◆ SUPPLIED MATERIAL
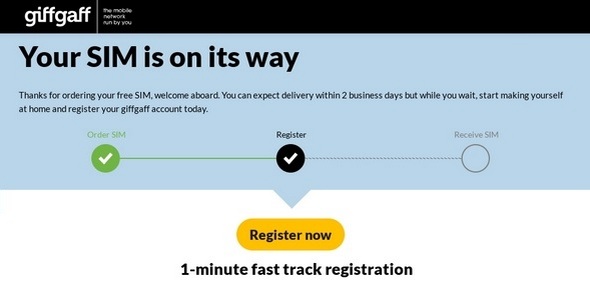 Giffgaff Free SIM Order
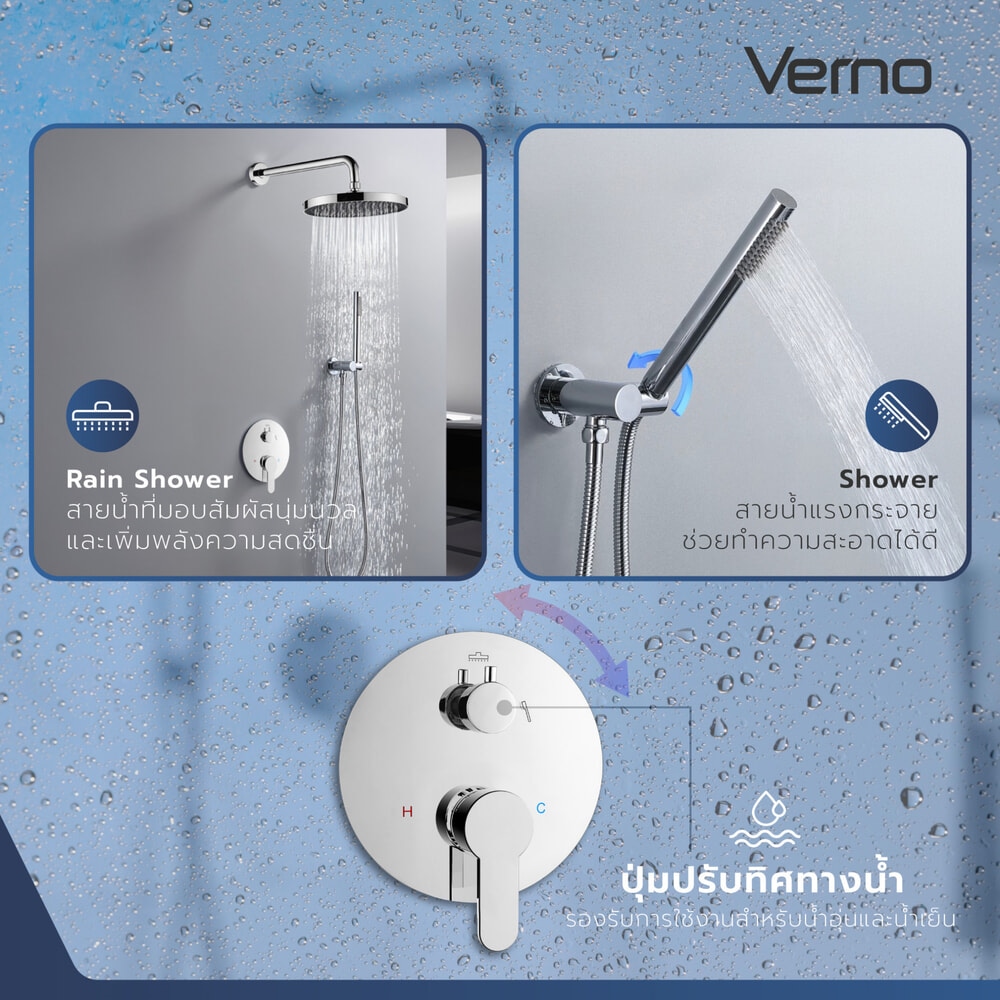 Verno ชุดวาล์วฝังผนังพร้อมฝักบัวสายอ่อน 1 ระบบ รุ่น Rainy-CH สีโครม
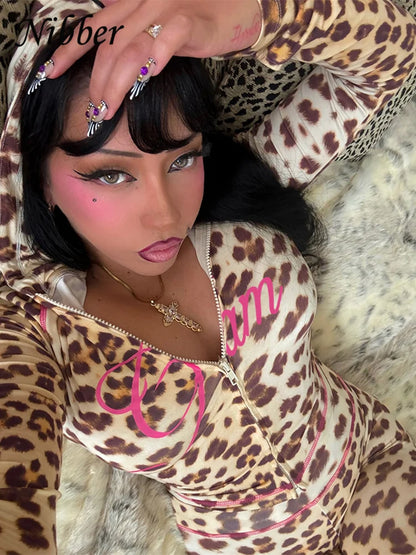 Nibber Leopard Print 2 Piece Set Women's Autumn Tracksuit Athleisure Hooded Crop Jacket + Flared Pants Stretch Matching Suit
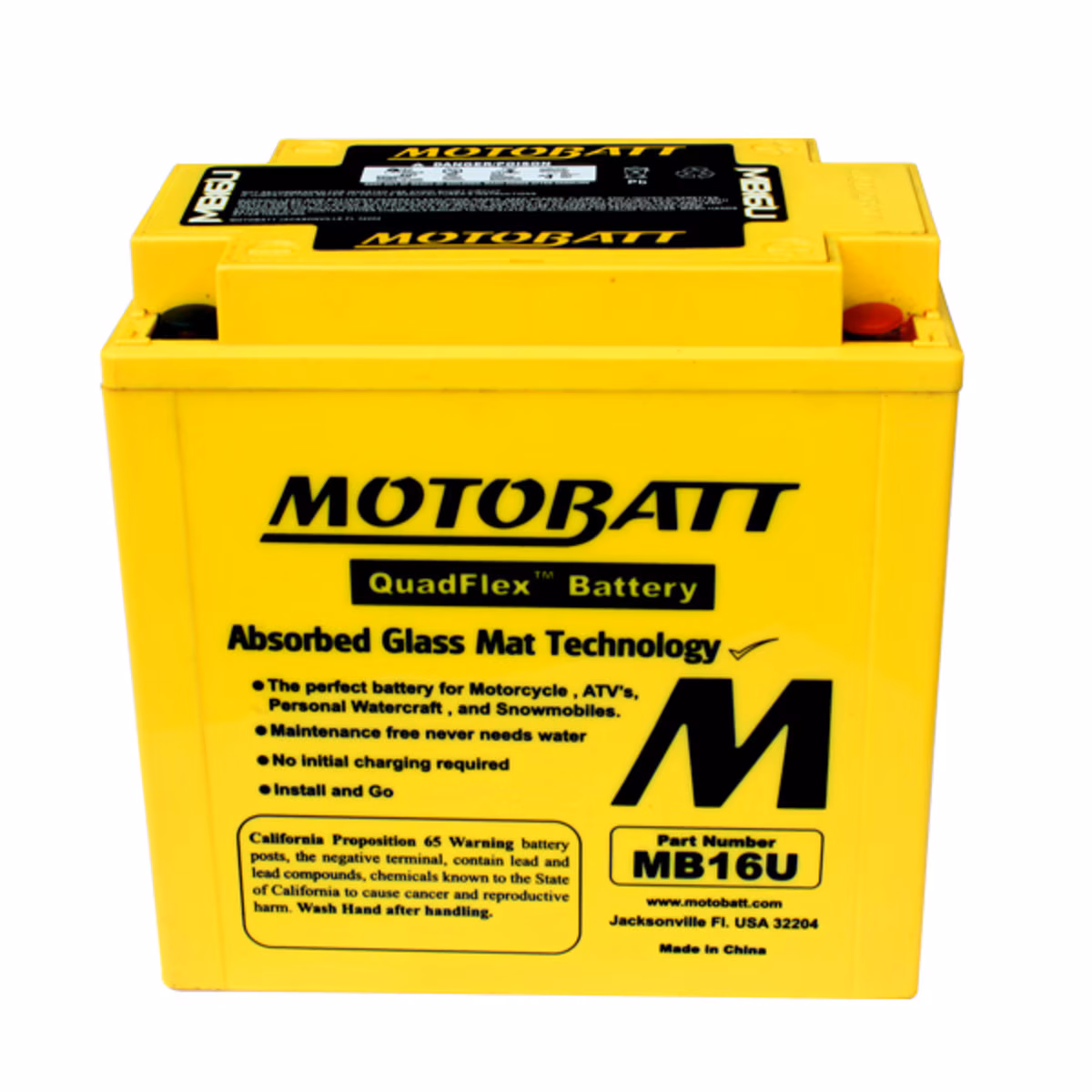 Motobatt MB16U AGM motobaterie 12V 20Ah 250A | Náhrada YB16B-A, YB16B-A1, YB16B-A2 | Oficiální CZ distribuce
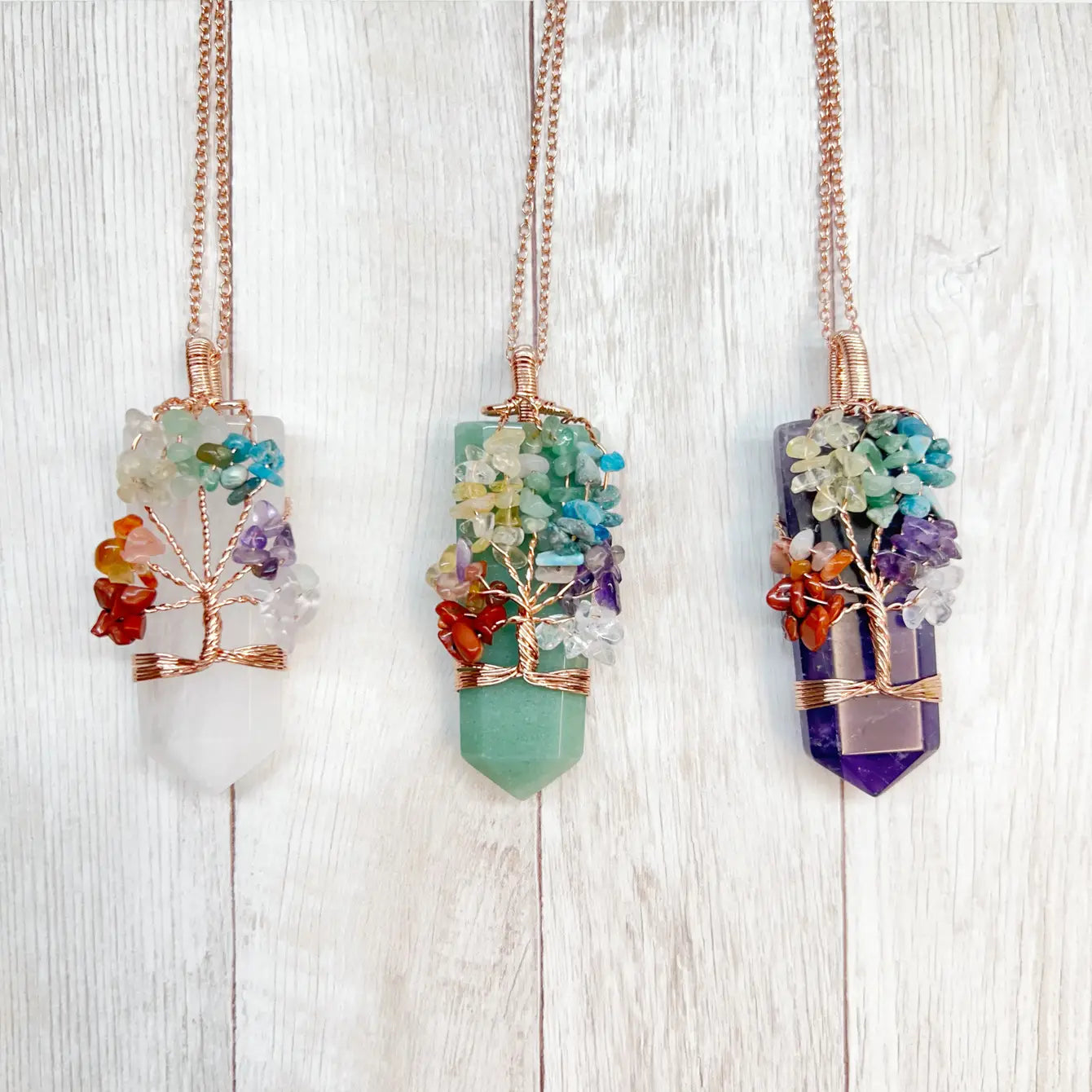 Healing Chakra Life of Tree Necklace - 7 pcs
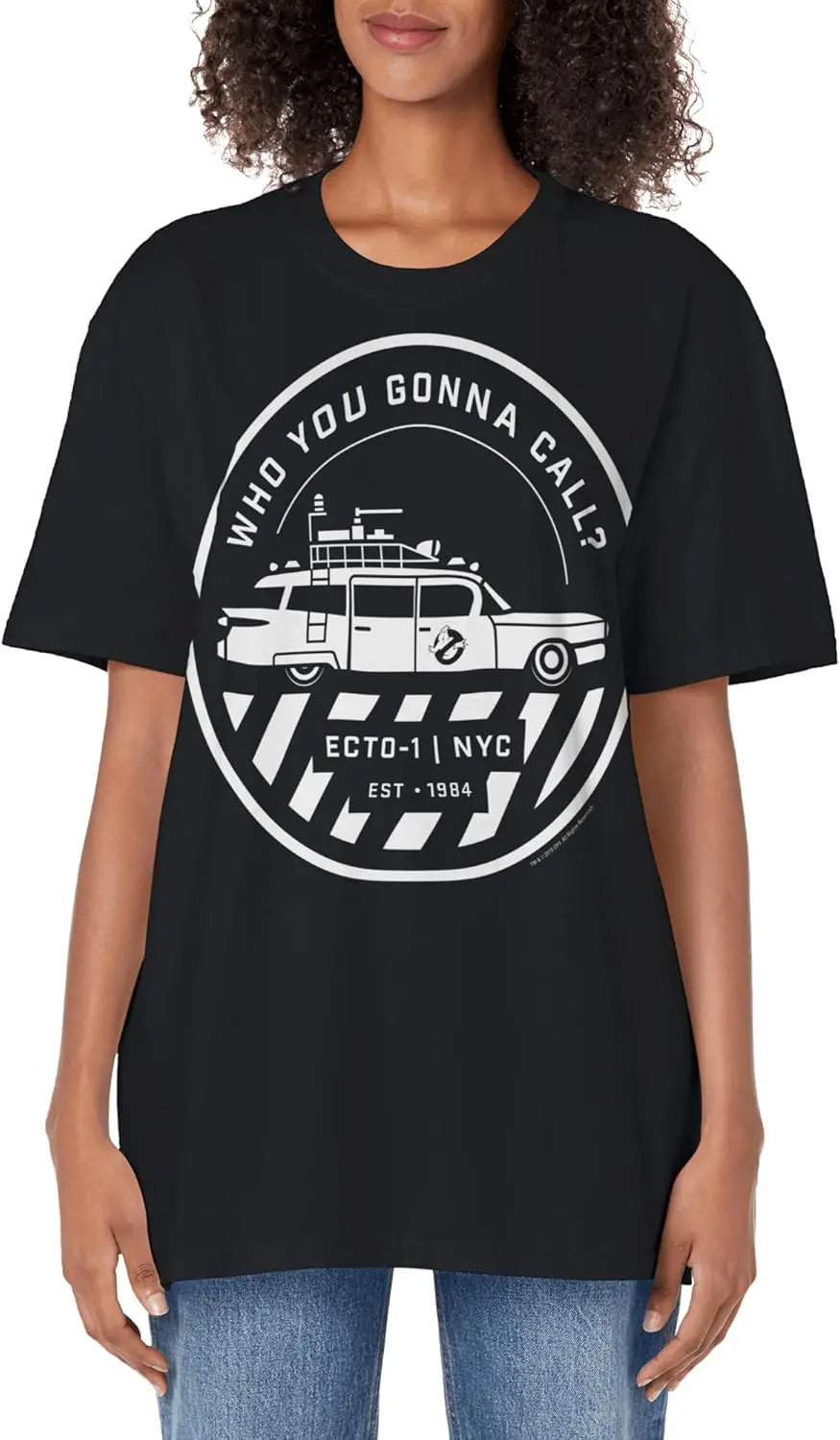 Ghostbusters Ecto 1 Circle Logo Gráfico Adulto Camiseta vintage de gran tamaño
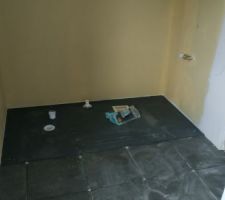 Carrelage au sol de la salle de bain et pose du receveur de la douche parentale de l'etage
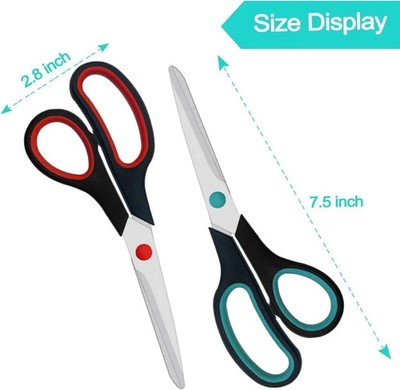 Scissors, 2 Pack 7.5 inch Scissors for Office and Home, Scissors All Purpose ...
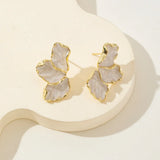 Metal Flower Cream Stud Earrings for Women Fashion Gold Color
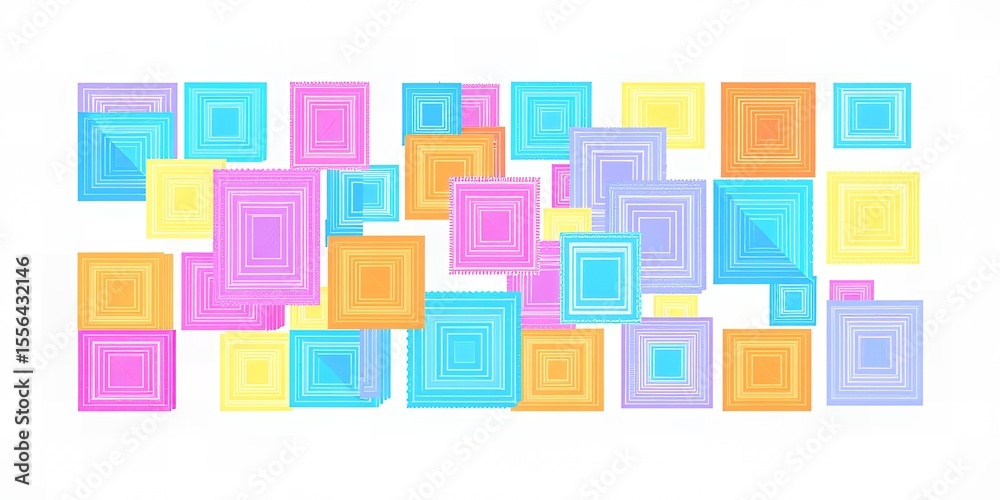 Poster a vibrant array of colorful squares arranged randomly on a white background creating a pattern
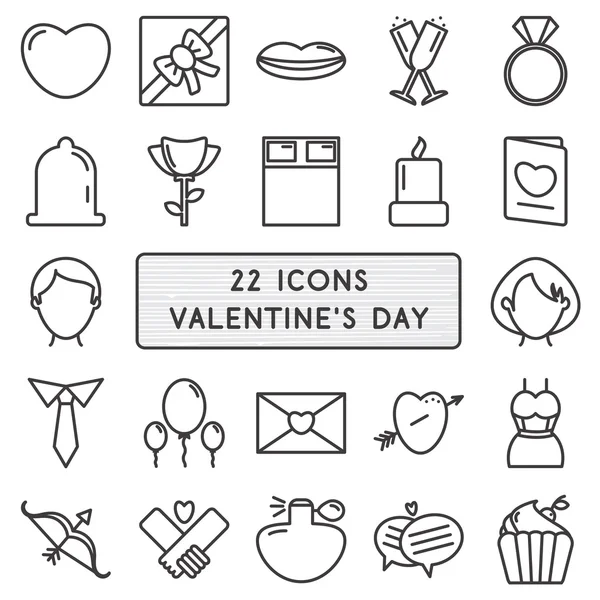 Instellen voor 22 icons in stijl monoline voor Happy Valentine's Day — Stockvector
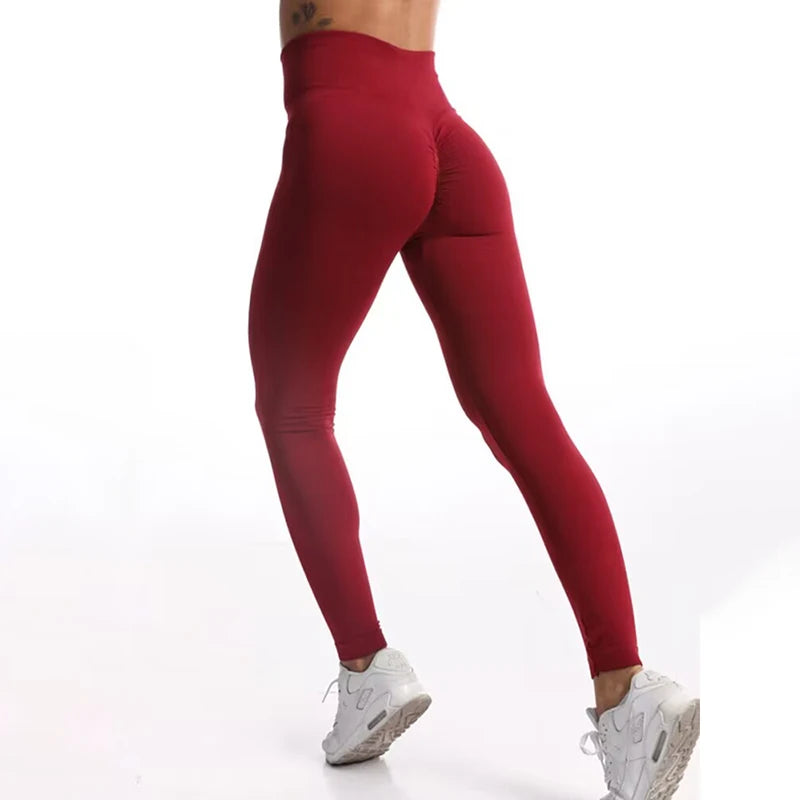 Super Elastic Hip Lifting Slimming Yoga Pants Women High Waist Pure Color Tight Absorbent Sweat Exercise Leggings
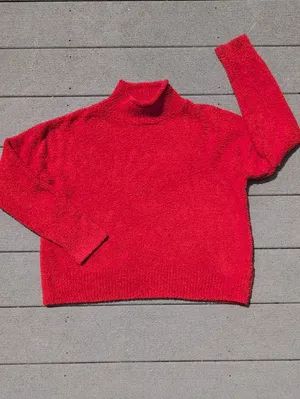 Sincerly Jules Fuzzy Turtle Neck Sweater Red thumbnail 5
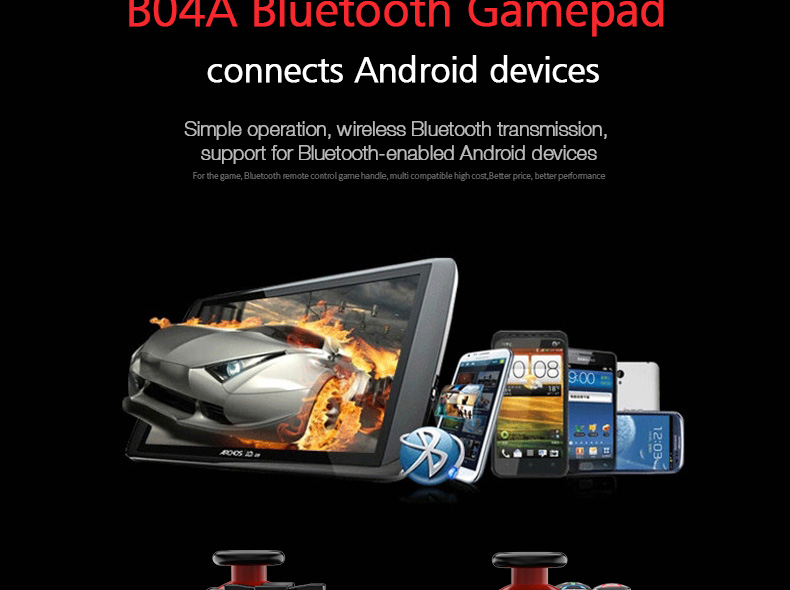 VR SHINECON SC-B04A 2.4G Wireless Bluetooth Gamepad Bluetooth 4.0 Game Remote Controller for Android iOS PC VR - Black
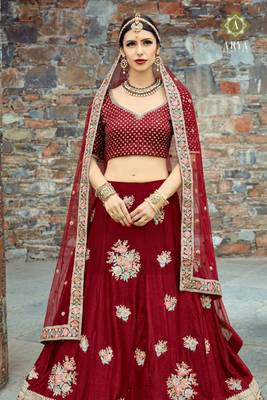 Maroon embroidered velvet semi stitched lehenga 2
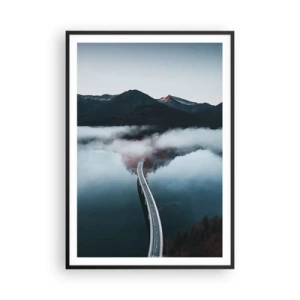 Póster en marco negro - Sobre el agua lisa como un espejo - 70x100 cm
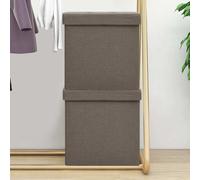 Vidaxl taburete de almacenaje plegable 2 uds lino sintético gris taupe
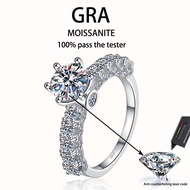 【 GRA Certificate Attached 】 1ct-3ct genuine moissanite ring, fashionable white moonlight S925 pure 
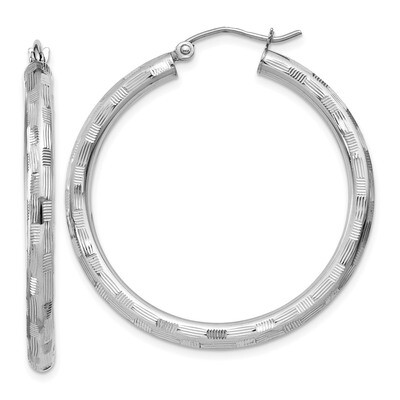 Textured Hoop Earrings 14k white Gold TF624, MPN: TF624, 886774731827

◆ ASSIGNMENT
For each record above, write out every line exactly and skip the pictures.

◆ OUTPUT OF THE TASK
 Giffgaff Free SIM Order
 Verno ชุดวาล์วฝังผนังพร้อมฝักบัวสายอ่อน 1 ระบบ รุ่น Rainy-CH สีโครม
 Nibber Leopard Print 2 Piece Set Women's Autumn Tracksuit Athleisure Hooded Crop Jacket + Flared Pants Stretch Matching Suit
 Motobatt MB16U AGM motobaterie 12V 20Ah 250A | Náhrada YB16B-A, YB16B-A1, YB16B-A2 | Oficiální CZ distribuce
 Healing Chakra Life of Tree Necklace - 7 pcs
 Ghostbusters Ecto 1 Circle Logo Gráfico Adulto Camiseta vintage de gran tamaño
 Carrelage au sol de la salle de bain et pose du receveur de la douche parentale de l'etage
 Scissors, 2 Pack 7.5 inch Scissors for Office and Home, Scissors All Purpose ...
 Metal Flower Cream Stud Earrings for Women Fashion Gold Color
 Poster a vibrant array of colorful squares arranged randomly on a white background creating a pattern
 Instellen voor 22 icons in stijl monoline voor Happy Valentine's Day — Stockvector
 Super Elastic Hip Lifting Slimming Yoga Pants Women High Waist Pure Color Tight Absorbent Sweat Exercise Leggings
 Sincerly Jules Fuzzy Turtle Neck Sweater Red thumbnail 5
 VR SHINECON SC-B04A 2.4G Wireless Bluetooth Gamepad Bluetooth 4.0 Game Remote Controller for Android iOS PC VR - Black
 Maroon embroidered velvet semi stitched lehenga 2
 Póster en marco negro - Sobre el agua lisa como un espejo - 70x100 cm
 Vidaxl taburete de almacenaje plegable 2 uds lino sintético gris taupe
 【 GRA Certificate Attached 】 1ct-3ct genuine moissanite ring, fashionable white moonlight S925 pure 
 Textured Hoop Earrings 14k white Gold TF624, MPN: TF624, 886774731827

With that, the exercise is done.